SysCV / sam-hq

Segment Anything in High Quality [NeurIPS 2023]
https://arxiv.org/abs/2306.01567
Apache License 2.0
3.65k stars 219 forks source link

Training loss is Nan #87

Open sweetdream33 opened 11 months ago

sweetdream33 commented 11 months ago

Thank you very much for sharing the code with me.

When I executed the following training script command, even if I run multiple epochs in this way, the training loss is output as nan.

At some point, I checked for nan infection, and the nan value occurred after passing the for blk in self.blocks: x = blk(x) statement on line 119 of segment_anything_training/modeling/image_encoder.py.

my environment settings are like this. Thank you for your help.
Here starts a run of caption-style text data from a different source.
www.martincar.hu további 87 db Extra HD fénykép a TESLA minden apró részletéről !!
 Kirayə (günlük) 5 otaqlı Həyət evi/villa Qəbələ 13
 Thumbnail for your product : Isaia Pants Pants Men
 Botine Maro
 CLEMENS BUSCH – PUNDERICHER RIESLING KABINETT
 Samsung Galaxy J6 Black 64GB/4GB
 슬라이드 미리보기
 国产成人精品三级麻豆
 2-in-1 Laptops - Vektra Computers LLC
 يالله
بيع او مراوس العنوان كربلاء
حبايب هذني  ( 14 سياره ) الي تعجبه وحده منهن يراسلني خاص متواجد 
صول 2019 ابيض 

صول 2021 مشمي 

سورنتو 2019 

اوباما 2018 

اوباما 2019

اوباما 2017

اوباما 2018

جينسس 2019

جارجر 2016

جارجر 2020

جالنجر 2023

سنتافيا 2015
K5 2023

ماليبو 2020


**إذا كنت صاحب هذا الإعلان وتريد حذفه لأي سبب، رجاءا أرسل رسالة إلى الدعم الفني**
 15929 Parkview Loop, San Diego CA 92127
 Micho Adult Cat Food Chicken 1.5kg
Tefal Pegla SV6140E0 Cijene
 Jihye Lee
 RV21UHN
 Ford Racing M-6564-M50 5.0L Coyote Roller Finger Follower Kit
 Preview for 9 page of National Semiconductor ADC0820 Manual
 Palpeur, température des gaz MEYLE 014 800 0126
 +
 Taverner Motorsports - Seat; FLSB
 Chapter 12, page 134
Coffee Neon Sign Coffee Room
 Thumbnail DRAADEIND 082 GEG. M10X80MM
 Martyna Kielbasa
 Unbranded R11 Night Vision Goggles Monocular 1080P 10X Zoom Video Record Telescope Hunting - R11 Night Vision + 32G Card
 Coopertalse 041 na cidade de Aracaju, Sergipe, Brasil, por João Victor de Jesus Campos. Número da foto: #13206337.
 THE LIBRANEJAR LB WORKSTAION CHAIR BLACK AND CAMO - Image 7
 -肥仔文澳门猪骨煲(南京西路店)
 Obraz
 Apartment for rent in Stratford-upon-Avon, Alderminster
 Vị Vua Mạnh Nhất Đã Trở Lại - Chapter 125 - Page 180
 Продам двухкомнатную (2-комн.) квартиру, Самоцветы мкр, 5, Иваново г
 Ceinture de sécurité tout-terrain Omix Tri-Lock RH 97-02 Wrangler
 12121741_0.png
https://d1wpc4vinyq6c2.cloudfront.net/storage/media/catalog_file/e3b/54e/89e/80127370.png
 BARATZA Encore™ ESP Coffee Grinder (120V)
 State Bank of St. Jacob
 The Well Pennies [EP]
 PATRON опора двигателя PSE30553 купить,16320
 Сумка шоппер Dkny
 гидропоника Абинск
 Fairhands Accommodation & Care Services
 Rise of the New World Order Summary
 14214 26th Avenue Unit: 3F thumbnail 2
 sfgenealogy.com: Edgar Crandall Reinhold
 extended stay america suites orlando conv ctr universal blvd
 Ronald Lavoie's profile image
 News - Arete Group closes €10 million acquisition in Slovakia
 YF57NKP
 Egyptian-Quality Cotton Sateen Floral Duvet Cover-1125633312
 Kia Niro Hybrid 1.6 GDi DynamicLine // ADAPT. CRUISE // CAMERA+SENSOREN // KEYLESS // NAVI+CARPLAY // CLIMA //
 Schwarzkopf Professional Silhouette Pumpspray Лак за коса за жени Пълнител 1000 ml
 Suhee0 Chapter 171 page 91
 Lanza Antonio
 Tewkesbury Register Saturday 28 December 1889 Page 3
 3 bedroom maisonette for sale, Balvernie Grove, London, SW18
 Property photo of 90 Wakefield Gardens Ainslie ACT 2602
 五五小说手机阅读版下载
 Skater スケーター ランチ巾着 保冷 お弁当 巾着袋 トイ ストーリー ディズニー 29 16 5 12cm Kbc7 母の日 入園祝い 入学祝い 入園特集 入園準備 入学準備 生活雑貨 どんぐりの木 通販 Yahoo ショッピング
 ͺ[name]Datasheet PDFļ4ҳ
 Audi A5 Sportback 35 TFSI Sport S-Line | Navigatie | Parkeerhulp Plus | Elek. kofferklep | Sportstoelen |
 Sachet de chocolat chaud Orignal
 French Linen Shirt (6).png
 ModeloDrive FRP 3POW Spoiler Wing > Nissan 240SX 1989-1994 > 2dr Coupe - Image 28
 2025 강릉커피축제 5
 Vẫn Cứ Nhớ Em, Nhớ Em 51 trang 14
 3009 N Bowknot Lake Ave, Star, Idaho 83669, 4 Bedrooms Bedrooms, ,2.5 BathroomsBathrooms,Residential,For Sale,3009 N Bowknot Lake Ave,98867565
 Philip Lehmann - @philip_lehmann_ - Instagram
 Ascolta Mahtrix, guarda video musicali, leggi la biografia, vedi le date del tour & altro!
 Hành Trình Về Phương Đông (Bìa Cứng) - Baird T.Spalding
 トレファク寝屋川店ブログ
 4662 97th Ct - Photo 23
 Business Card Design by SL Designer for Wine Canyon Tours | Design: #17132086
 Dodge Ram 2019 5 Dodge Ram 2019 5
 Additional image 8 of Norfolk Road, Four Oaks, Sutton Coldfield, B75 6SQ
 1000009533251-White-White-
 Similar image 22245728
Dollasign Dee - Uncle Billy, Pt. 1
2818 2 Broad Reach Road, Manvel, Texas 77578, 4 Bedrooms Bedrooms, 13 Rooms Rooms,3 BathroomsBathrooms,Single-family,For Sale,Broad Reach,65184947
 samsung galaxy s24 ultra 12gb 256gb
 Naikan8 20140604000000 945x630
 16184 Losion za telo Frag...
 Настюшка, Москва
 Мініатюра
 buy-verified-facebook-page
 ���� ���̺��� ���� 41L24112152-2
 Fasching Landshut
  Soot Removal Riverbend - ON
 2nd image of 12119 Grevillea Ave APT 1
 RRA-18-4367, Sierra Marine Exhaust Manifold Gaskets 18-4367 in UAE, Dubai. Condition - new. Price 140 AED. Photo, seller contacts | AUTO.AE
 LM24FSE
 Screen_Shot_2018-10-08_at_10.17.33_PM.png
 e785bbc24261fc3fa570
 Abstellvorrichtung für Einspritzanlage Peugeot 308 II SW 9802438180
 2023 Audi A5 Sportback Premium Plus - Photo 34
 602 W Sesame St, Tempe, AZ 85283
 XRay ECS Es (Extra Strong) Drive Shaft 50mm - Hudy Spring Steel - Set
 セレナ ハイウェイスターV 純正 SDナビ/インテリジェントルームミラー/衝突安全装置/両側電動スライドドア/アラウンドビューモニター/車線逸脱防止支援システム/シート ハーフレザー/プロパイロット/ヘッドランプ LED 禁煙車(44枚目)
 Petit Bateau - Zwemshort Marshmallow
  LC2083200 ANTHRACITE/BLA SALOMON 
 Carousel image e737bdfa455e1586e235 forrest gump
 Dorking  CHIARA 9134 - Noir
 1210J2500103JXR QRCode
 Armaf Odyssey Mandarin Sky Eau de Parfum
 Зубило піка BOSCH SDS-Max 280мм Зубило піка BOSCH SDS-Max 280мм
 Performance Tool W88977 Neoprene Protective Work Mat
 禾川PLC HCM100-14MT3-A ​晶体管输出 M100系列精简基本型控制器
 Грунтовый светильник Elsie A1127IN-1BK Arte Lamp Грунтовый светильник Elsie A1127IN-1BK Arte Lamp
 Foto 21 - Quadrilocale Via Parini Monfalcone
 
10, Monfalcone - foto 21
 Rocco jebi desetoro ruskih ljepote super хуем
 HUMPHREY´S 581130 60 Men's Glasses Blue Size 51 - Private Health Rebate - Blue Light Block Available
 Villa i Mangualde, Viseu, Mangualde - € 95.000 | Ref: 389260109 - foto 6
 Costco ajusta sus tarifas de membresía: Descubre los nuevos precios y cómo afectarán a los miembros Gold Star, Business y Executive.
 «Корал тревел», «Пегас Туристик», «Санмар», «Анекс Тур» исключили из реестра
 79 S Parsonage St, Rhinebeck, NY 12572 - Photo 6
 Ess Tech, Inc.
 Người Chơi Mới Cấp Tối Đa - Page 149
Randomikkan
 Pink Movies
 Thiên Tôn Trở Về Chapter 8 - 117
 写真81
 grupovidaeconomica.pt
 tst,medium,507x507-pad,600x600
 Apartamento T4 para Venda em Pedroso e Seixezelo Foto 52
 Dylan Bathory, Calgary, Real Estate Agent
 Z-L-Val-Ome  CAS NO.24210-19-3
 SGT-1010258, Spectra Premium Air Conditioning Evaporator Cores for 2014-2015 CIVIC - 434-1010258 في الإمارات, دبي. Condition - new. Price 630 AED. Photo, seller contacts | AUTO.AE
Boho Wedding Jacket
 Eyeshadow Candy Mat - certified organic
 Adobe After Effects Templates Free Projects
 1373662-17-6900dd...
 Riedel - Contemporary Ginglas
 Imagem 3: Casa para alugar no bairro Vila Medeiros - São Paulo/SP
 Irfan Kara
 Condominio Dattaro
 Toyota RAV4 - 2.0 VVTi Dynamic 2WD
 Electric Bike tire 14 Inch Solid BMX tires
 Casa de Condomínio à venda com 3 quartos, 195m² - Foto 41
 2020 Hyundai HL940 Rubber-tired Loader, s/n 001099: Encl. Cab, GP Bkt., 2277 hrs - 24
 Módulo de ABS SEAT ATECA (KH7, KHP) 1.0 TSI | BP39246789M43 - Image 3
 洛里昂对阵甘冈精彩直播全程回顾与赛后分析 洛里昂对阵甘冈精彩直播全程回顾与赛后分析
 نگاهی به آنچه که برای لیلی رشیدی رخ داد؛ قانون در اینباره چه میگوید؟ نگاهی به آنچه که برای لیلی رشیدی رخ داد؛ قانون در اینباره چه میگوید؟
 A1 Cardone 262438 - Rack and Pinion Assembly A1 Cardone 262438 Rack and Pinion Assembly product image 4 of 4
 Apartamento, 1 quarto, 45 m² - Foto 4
torch 1.12.0a0+8a1a93a torch-tensorrt 1.1.0a0 torchtext 0.13.0a0 torchvision 0.13.0a0 Python 3.8.13

!python -m torch.distributed.launch --nproc_per_node=1 ./train.py --checkpoint ./pretrained_checkpoint/sam_vit_h_4b8939.pth --model-type vit_h --output work_dirs/hq_sam_h

Local rank: 0 --- create training dataloader --- ------------------------------ train -------------------------------- --->>> train dataset 0 / 1 ECSSD <<<--- -im- ECSSD ./data/cascade_psp/ecssd : 1000 -gt- ECSSD ./data/cascade_psp/ecssd : 1000 250 train dataloaders created --- create valid dataloader --- ------------------------------ valid -------------------------------- --->>> valid dataset 0 / 1 MSRA10K <<<--- -im- MSRA10K ./data/cascade_psp/MSRA_10K : 10000 -gt- MSRA10K ./data/cascade_psp/MSRA_10K : 10000 1 valid dataloaders created --- define optimizer ---

return _VF.meshgrid(tensors, **kwargs) # type: ignore[attr-defined] [ 0/250] eta: 0:20:18 training_loss: nan (nan) loss_mask: nan (nan) loss_dice: nan (nan) time: 4.8754 data: 0.8692 max mem: 18409 [249/250] eta: 0:00:02 training_loss: nan (nan) loss_mask: nan (nan) loss_dice: nan (nan) time: 2.3650 data: 0.0020 max mem: 18825 Total time: 0:09:54 (2.3782 s / it) Finished epoch: 0 Averaged stats: training_loss: nan (nan) loss_mask: nan (nan) loss_dice: nan (nan) Validating... valid_dataloader len: 10000 [ 0/10000] eta: 2:20:10 val_iou_0: 0.0000 (0.0000) val_boundary_iou_0: 0.0000 (0.0000) time: 0.8410 data: 0.2587 max mem: 18825

ukaprch commented 9 months ago

From my limited experience a 'nan' returned on a loss function may be due to a cuda out of memory condition and/or a variable requires grad=True was not set prior to.